→ **WORK REQUEST**
Lines from the one containing "المشروب الطبيعي رقم" through the final line of the records below are needed, copied exactly, with no pictures.

___ DATA EXCERPTS

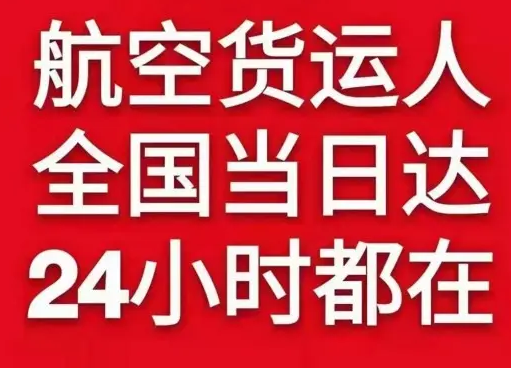 漠河古莲机场邮寄货物、航空货运:物流行业各岗位招聘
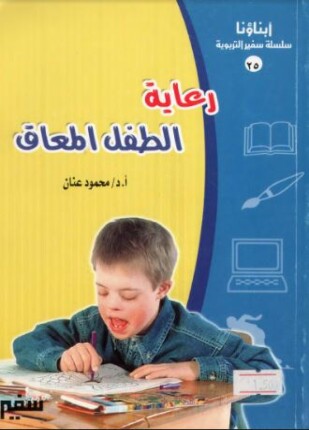 رعاية الطفل المعاق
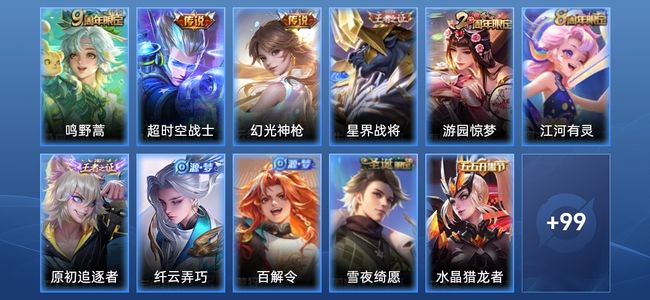 王者荣耀V3 3传说 25史诗 112皮肤 111英雄 尊贵铂金V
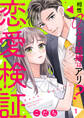 【期間限定 無料お試し版 閲覧期限2026年9月22日】恋愛検証~相性0%男と結婚はアリ?1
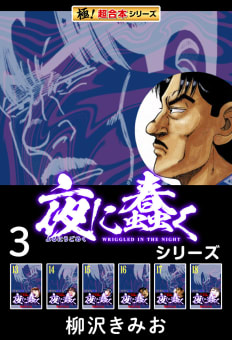 【極！超合本シリーズ】夜に蠢くシリーズ3巻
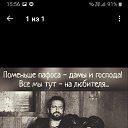 ���� �����, ������ �������, 44 ���� - ��������� 3 ������ 2025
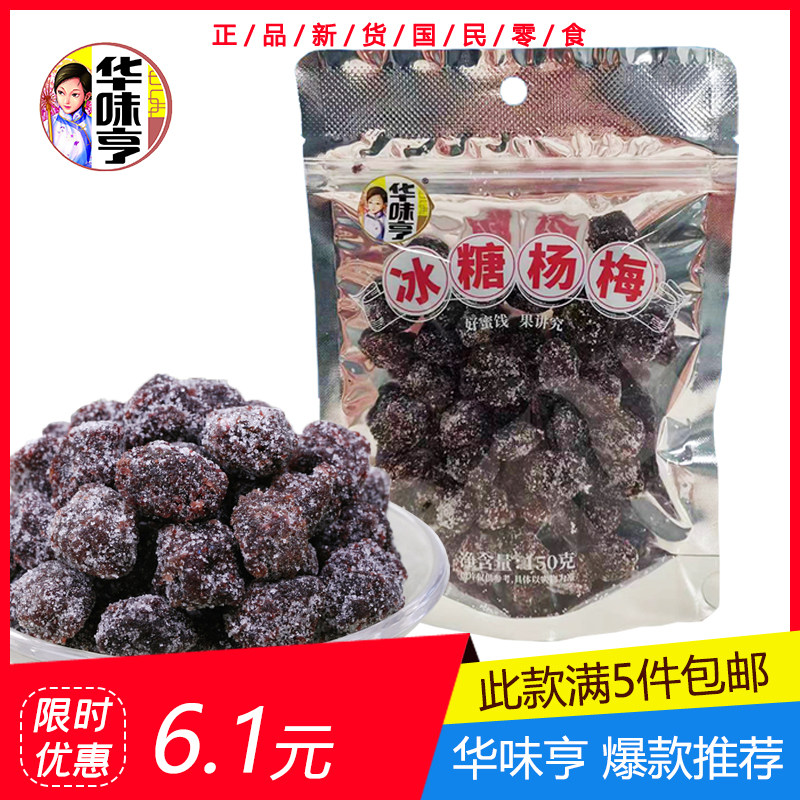 5袋包邮【华味亨 冰糖杨梅150g】果脯蜜饯 话梅零食 酸甜 杨梅干属于什么档次？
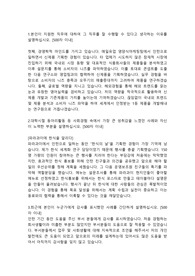 오뚜기 R&amp;D(연구개발)직 합격자소서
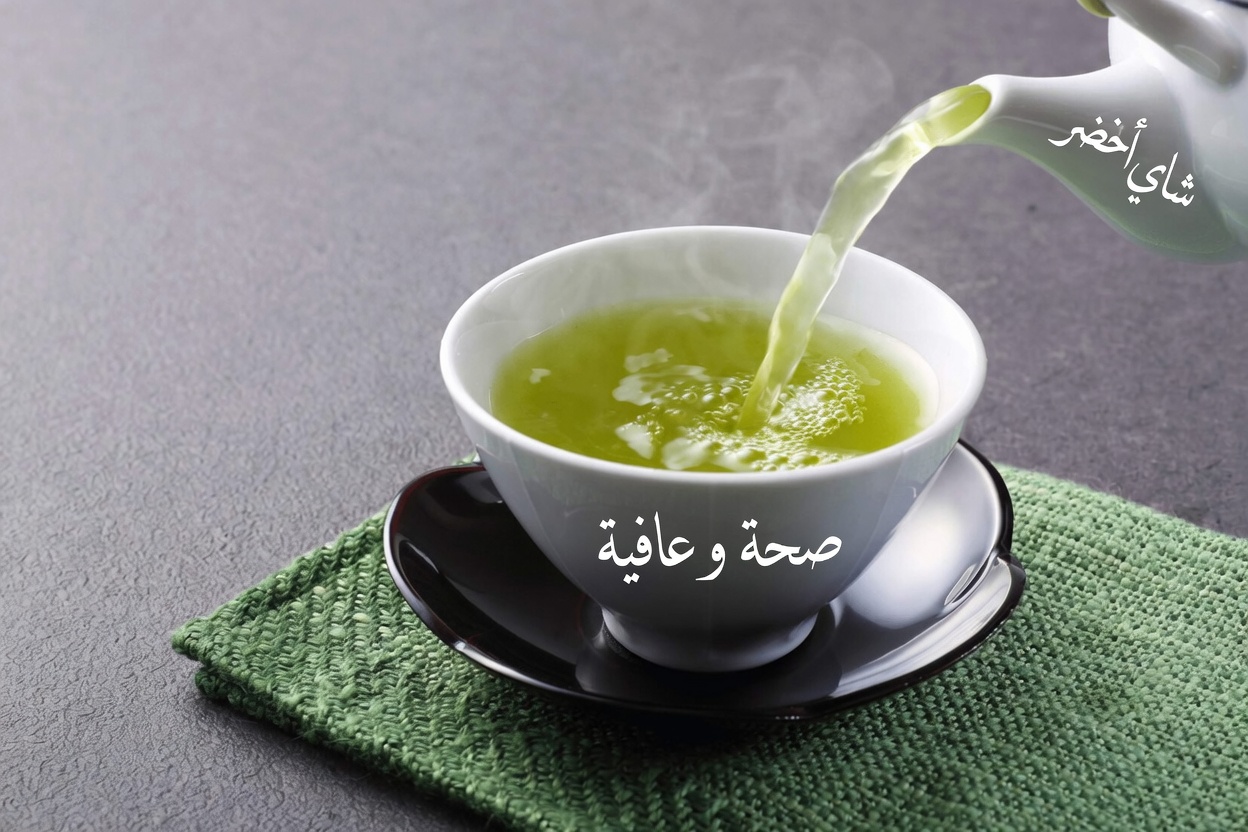 المشروب الطبيعي رقم 1 لطرد السكري وتصريف الكوليسترول بسرعة | (الأطباء مصدومون)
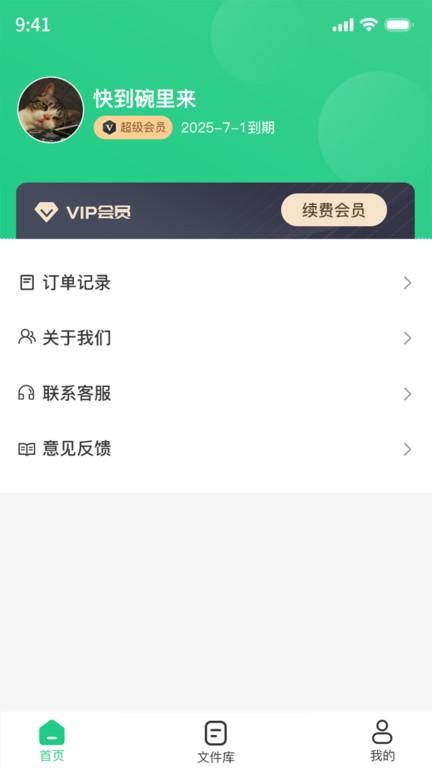 PDF格式工厂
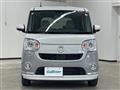 2022 Daihatsu Move Canbus
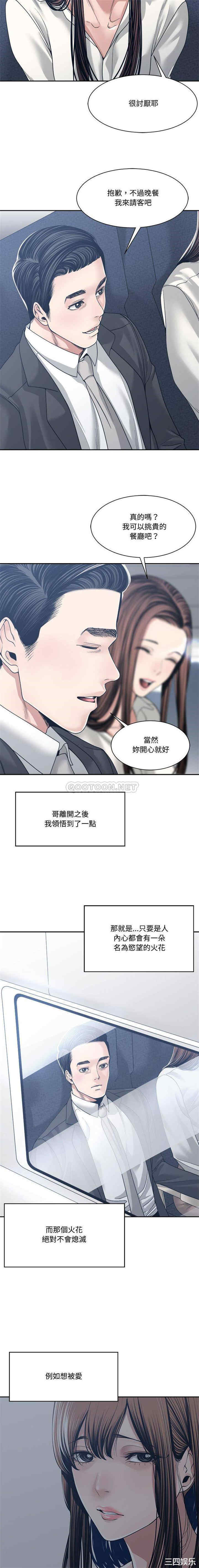 谁才是真爱/你才是真爱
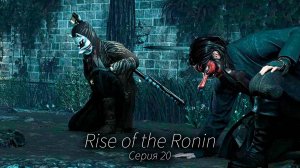 Могучий солдат - Rise of the Ronin - Прохождение игры #20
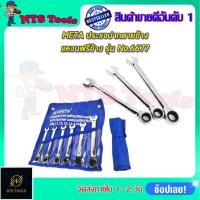 ราคา META ประแจปากตายข้าง/แหวนฟรีข้าง รุ่น No.6677 (22875383380)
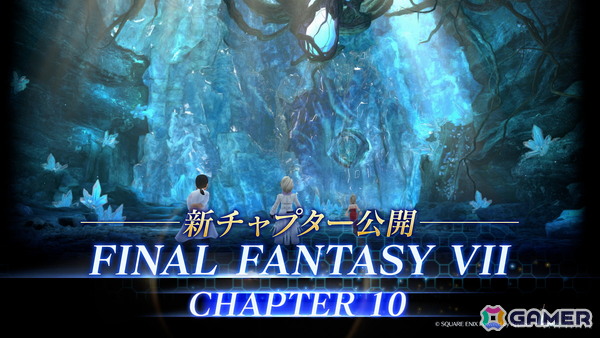 「FFVII エバークライシス」で「FFVII CHAPTER10 立ちはだかる脅威」が公開！「FFXIII」シリーズコラボの復刻もの画像2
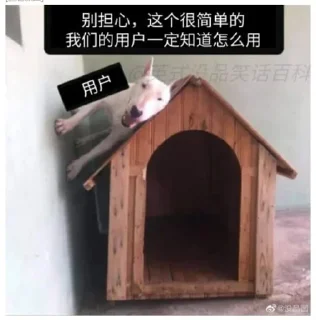 👀 emoji @shushenM 的表情包 (8) Telegram sticker 15 of 73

______

→ **TASK RESPONSE**
 المشروب الطبيعي رقم 1 لطرد السكري وتصريف الكوليسترول بسرعة | (الأطباء مصدومون)
 PDF格式工厂
 2022 Daihatsu Move Canbus
 谁才是真爱/你才是真爱
 Могучий солдат - Rise of the Ronin - Прохождение игры #20
 ราคา META ประแจปากตายข้าง/แหวนฟรีข้าง รุ่น No.6677 (22875383380)
 「FFVII エバークライシス」で「FFVII CHAPTER10 立ちはだかる脅威」が公開！「FFXIII」シリーズコラボの復刻もの画像2
 👀 emoji @shushenM 的表情包 (8) Telegram sticker 15 of 73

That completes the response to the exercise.